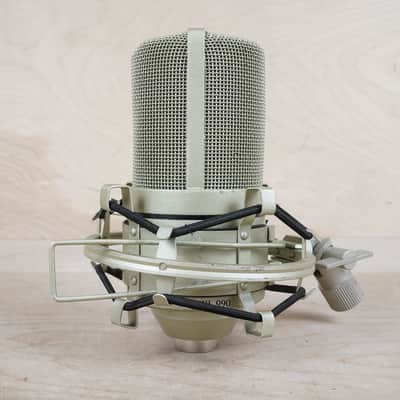 MXL 990 Condenser Microphone w/ Shockmount image 5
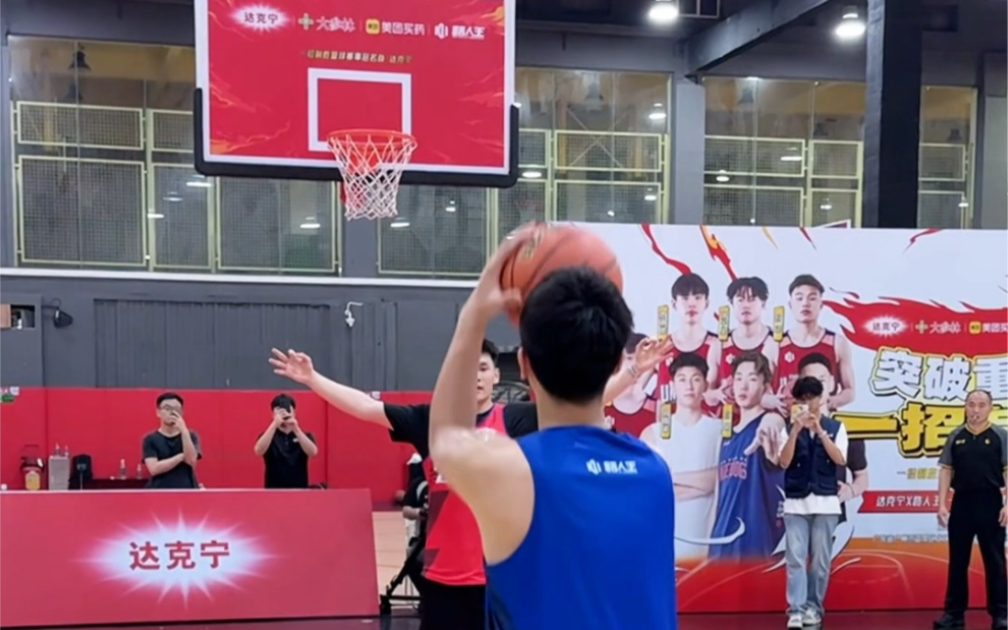 “经历的意义在于激励你，而不是定义你”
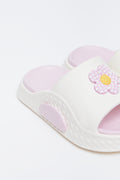 Cream Daisy Moulded Slides (3)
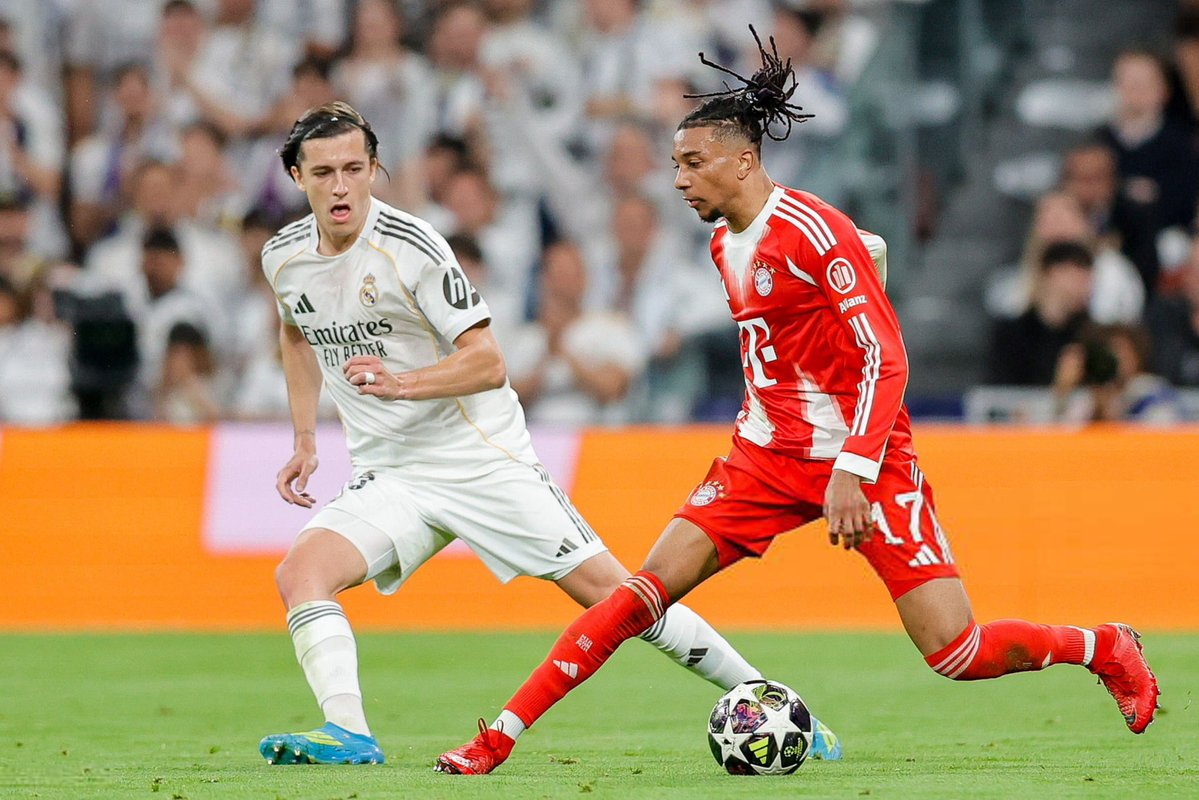 ActuFoot_'s tweet image. Ce que fait Michael Olise 🇫🇷 à Alvaro Carreras 🇪🇸. 😱🥵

----------

AIM OF THE EXERCISE
Everything in the listing above must be restated word for word, except the images.

SOLUTION TO THIS PROBLEM
 MXL 990 Condenser Microphone w/ Shockmount image 5
 “经历的意义在于激励你，而不是定义你”
 Cream Daisy Moulded Slides (3)
 ActuFoot_'s tweet image. Ce que fait Michael Olise 🇫🇷 à Alvaro Carreras 🇪🇸. 😱🥵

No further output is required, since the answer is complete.